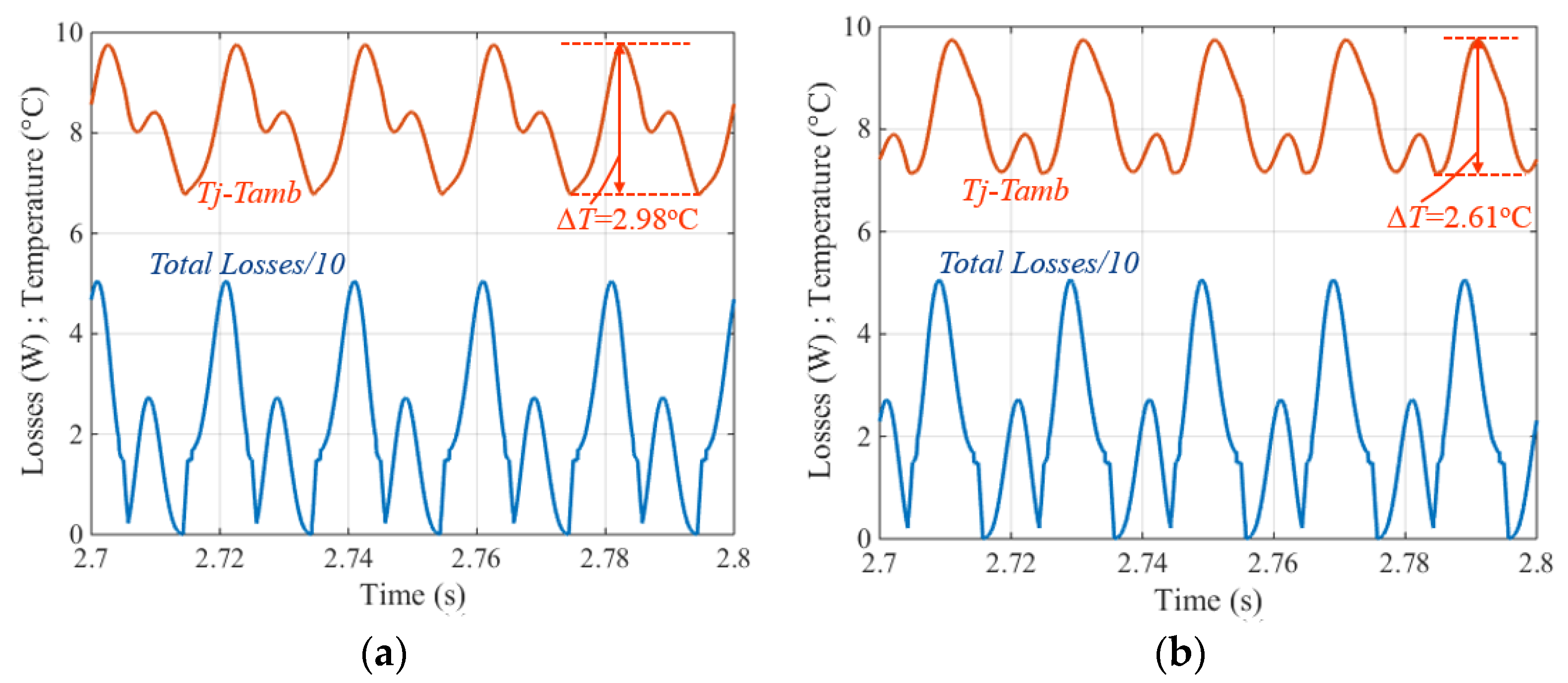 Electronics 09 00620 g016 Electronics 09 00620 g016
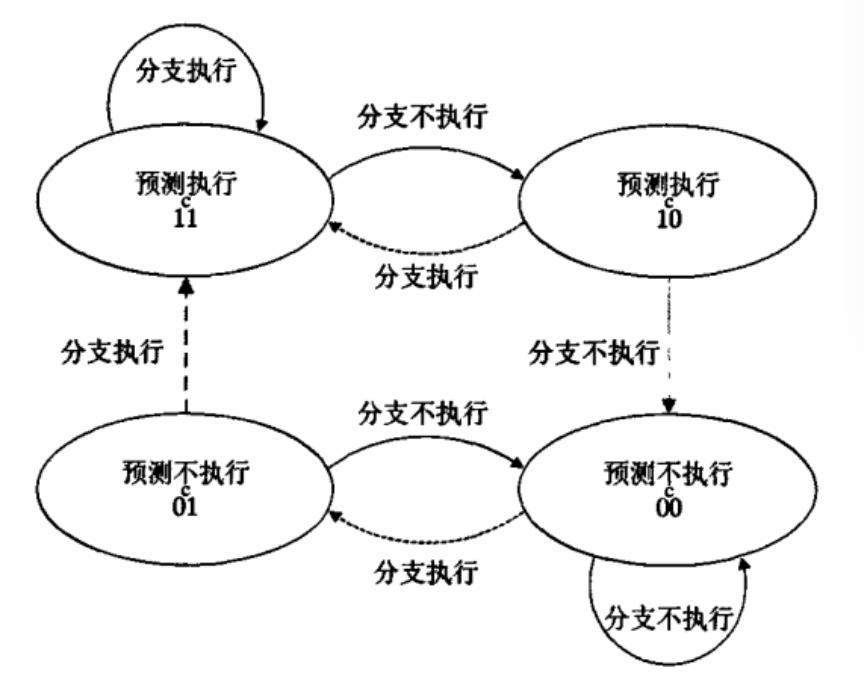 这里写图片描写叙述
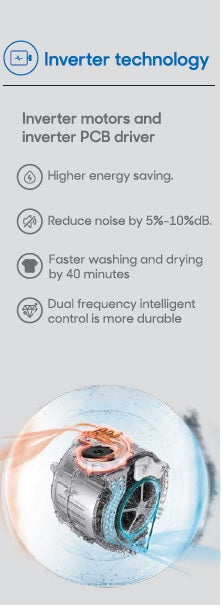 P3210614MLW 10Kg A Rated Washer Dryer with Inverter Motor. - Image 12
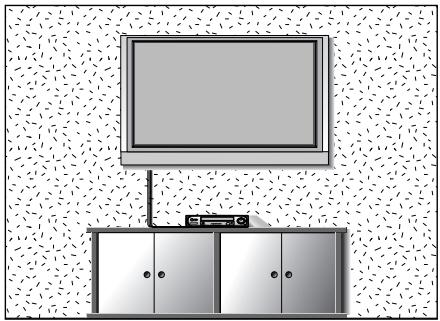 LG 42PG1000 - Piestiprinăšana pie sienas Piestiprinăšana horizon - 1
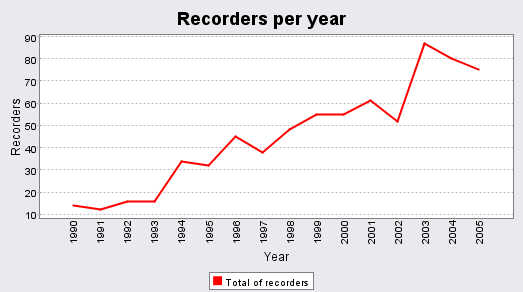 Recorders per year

==

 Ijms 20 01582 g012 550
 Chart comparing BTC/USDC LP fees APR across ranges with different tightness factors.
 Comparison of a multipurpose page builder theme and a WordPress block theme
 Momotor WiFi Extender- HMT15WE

• _WORK REQUIRED_:
Please output the lines above beginning at the line with "P3210614MLW 10Kg A" and ending after the line with "Recorders per year", precisely as written and with no pictures.

• _ANSWER BELOW_:
 P3210614MLW 10Kg A Rated Washer Dryer with Inverter Motor. - Image 12
 LG 42PG1000 - Piestiprinăšana pie sienas Piestiprinăšana horizon - 1
 Recorders per year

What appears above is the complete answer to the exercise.